We need a running Spark Cluster. I have used Spark without hadoop. You can pick any other spark too.
Hadoop System

We need a DataSet. AWS provides a Customer Review Dataset. https://s3.amazonaws.com/amazon-reviews-pds/tsv/index.txt
Decompress it using gunzipcommand
Put it into HDFS. I have created a new Directory and kept it inside
$ hdfs dfs -mkdir /DataSet
$ hdfs dfs -copyFromLocal amazon_reviews_us_Electronics_v1_00.tsv /DataSet/

Download AWS Deequ Jar file. Just hit the command below:
wget http://repo1.maven.org/maven2/com/amazon/deequ/deequ/1.0.1/deequ-1.0.1.jar
Start Spark Shell by including JAR with it.
$ spark-shell --conf spark.jars=deequ-1.0.1.jar

Implementation:

Load and see schema of Data

scala> val dataset=spark.read.option("sep","\t").option("header","true").csv("/DataSet/amazon_reviews_us_Electronics_v1_00.tsv")
dataset: org.apache.spark.sql.DataFrame = [marketplace: string, customer_id: string ... 13 more fields]


scala> dataset.printSchema()
root
 |-- marketplace: string (nullable = true)
 |-- customer_id: string (nullable = true)
 |-- review_id: string (nullable = true)
 |-- product_id: string (nullable = true)
 |-- product_parent: string (nullable = true)
 |-- product_title: string (nullable = true)
 |-- product_category: string (nullable = true)
 |-- star_rating: string (nullable = true)
 |-- helpful_votes: string (nullable = true)
 |-- total_votes: string (nullable = true)
 |-- vine: string (nullable = true)
 |-- verified_purchase: string (nullable = true)
 |-- review_headline: string (nullable = true)
 |-- review_body: string (nullable = true)
 |-- review_date: string (nullable = true)


Load Deequ Classes and Functions


scala> import com.amazon.deequ.analyzers.runners.{AnalysisRunner, AnalyzerContext}
import com.amazon.deequ.analyzers.runners.{AnalysisRunner, AnalyzerContext}

scala> import com.amazon.deequ.analyzers.runners.AnalyzerContext.successMetricsAsDataFrame
import com.amazon.deequ.analyzers.runners.AnalyzerContext.successMetricsAsDataFrame

scala> import com.amazon.deequ.analyzers.{Compliance, Correlation, Size, Completeness, Mean, ApproxCountDistinct}
import com.amazon.deequ.analyzers.{Compliance, Correlation, Size, Completeness, Mean, ApproxCountDistinct}


Call functions

scala> val res: AnalyzerContext={ AnalysisRunner 
     | //data to run the analysis on
     | .onData(dataset)
     | .addAnalyzer(Size())
     | .addAnalyzer(Completeness("review_id"))
     | .addAnalyzer(ApproxCountDistinct("review_id"))
     | .run()
     | }
20/10/06 10:08:42 WARN util.Utils: Truncated the string representation of a plan since it was too large.
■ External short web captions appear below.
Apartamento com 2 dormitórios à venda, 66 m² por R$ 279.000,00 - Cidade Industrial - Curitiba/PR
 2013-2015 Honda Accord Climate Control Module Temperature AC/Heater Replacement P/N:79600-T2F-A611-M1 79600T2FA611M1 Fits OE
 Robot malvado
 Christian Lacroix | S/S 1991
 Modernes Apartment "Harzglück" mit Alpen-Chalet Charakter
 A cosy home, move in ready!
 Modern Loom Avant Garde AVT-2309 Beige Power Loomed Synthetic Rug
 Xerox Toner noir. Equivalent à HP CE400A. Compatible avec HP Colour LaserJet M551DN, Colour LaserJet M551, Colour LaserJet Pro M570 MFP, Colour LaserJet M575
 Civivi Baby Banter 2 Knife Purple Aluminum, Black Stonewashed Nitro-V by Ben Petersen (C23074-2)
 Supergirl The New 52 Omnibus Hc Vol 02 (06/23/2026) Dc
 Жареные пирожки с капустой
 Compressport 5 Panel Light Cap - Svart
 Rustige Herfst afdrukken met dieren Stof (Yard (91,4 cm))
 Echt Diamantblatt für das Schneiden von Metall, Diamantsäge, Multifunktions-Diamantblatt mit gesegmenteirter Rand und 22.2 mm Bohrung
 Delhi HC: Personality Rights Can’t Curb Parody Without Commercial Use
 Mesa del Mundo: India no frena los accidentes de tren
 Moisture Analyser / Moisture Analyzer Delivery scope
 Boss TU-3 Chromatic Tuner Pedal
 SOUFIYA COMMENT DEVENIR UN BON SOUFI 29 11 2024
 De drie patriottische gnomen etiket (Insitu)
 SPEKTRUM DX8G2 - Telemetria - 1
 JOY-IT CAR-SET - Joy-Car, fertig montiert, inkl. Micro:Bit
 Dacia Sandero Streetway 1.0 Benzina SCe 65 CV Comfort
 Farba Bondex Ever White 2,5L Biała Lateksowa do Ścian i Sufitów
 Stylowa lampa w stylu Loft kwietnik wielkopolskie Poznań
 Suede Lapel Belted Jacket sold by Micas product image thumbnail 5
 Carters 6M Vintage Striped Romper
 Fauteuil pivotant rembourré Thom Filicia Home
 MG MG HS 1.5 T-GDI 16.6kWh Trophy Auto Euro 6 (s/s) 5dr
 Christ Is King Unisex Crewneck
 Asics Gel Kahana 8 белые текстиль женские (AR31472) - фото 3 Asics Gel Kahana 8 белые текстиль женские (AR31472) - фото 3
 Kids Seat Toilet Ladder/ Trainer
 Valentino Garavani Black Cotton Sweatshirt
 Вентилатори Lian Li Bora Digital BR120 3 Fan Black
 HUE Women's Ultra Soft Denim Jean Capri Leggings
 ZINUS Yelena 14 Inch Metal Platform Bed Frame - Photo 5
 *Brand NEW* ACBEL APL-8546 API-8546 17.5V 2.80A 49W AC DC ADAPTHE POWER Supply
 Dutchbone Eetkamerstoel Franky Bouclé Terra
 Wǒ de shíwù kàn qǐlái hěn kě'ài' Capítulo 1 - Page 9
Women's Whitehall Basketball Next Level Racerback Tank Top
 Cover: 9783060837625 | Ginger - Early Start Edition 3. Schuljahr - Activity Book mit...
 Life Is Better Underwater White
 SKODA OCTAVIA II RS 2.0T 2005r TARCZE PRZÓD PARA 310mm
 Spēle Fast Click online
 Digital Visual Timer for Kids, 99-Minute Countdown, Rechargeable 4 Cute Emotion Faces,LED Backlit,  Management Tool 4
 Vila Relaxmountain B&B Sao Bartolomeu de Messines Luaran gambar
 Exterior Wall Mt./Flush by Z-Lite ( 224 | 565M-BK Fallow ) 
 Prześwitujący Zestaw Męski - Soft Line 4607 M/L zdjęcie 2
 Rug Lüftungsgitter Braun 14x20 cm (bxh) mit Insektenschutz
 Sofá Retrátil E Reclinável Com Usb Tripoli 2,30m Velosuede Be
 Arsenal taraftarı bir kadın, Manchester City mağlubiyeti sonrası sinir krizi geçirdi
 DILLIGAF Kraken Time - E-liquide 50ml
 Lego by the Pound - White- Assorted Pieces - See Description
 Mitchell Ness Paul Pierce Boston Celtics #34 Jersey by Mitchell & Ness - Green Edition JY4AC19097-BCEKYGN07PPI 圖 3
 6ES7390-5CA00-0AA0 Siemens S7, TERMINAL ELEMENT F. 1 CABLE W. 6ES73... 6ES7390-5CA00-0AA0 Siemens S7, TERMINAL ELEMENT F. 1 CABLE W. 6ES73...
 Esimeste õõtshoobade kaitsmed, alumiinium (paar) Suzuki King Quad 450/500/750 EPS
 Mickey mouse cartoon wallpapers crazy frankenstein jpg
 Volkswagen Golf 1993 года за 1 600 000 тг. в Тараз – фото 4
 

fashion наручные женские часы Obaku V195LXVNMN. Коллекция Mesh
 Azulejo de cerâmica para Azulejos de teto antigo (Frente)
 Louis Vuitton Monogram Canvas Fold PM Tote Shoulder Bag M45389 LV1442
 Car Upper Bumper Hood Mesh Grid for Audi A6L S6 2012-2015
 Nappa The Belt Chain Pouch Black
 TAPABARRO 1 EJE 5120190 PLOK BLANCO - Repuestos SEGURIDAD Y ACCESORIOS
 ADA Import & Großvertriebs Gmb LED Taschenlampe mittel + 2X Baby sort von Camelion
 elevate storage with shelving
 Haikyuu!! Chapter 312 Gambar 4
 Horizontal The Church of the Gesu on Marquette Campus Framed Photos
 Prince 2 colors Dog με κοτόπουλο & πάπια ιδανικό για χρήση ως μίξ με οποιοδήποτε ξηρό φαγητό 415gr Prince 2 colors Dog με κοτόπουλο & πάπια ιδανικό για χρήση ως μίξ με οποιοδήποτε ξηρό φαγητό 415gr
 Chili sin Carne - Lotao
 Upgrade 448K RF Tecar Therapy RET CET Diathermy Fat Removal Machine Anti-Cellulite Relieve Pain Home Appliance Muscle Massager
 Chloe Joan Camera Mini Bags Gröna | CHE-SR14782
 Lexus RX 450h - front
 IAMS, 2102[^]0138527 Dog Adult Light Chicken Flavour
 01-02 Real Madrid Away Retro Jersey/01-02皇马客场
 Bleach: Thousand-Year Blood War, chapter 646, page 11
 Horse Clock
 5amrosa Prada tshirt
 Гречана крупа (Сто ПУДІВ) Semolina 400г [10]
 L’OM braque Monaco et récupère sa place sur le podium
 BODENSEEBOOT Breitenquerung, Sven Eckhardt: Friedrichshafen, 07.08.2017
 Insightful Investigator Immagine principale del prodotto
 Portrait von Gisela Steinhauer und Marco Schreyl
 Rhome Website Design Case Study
This behavior can be adjusted by setting 'spark.debug.maxToStringFields' in SparkEnv.conf.
res: com.amazon.deequ.analyzers.runners.AnalyzerContext = AnalyzerContext(Map(Size(None) -> DoubleMetric(Dataset,Size,*,Success(3093869.0)), Completeness(review_id,None) -> DoubleMetric(Column,Completeness,review_id,Success(1.0)), ApproxCountDistinct(review_id,None) -> DoubleMetric(Column,ApproxCountDistinct,review_id,Success(2991306.0))))

convert metrics into dataframe


scala> val metrics=successMetricsAsDataFrame(spark,res)
metrics: org.apache.spark.sql.DataFrame = [entity: string, instance: string ... 2 more fields]

see output


scala> metrics.show()
+-------+---------+-------------------+---------+
| entity| instance|               name|    value|
+-------+---------+-------------------+---------+
|Dataset|        *|               Size|3093869.0|
| Column|review_id|       Completeness|      1.0|
| Column|review_id|ApproxCountDistinct|2991306.0|
+-------+---------+-------------------+---------+



Summary:

The dataset has 2991306.0 distinct review_ids and completeness 1 and size as shown above.

Since we are not using parquet datatype. The dataype by default is String so we need to cast it to Integer and Date in order to put more data quality checks.
So to cast

scala> val dataset2=dataset.withColumn("marketplace",col("marketplace")).withColumn("customer_id",col("customer_id")).withColumn("review_id",col("review_id")).withColumn("product_id",col("product_id")).withColumn("product_parent",col("product_parent")).withColumn("product_title",col("product_title")).withColumn("product_category",col("product_category")).withColumn("star_rating",col("star_rating").cast(IntegerType)).withColumn("helpful_votes",col("helpful_votes").cast(IntegerType)).withColumn("total_votes",col("total_votes").cast(IntegerType)).withColumn("vine",col("vine")).withColumn("verified_purchase",col("verified_purchase")).withColumn("review_headline",col("review_headline")).withColumn("review_body",col("review_body")).withColumn("review_date",col("review_date").cast(DateType))
dataset2: org.apache.spark.sql.DataFrame = [marketplace: string, customer_id: string ... 13 more fields]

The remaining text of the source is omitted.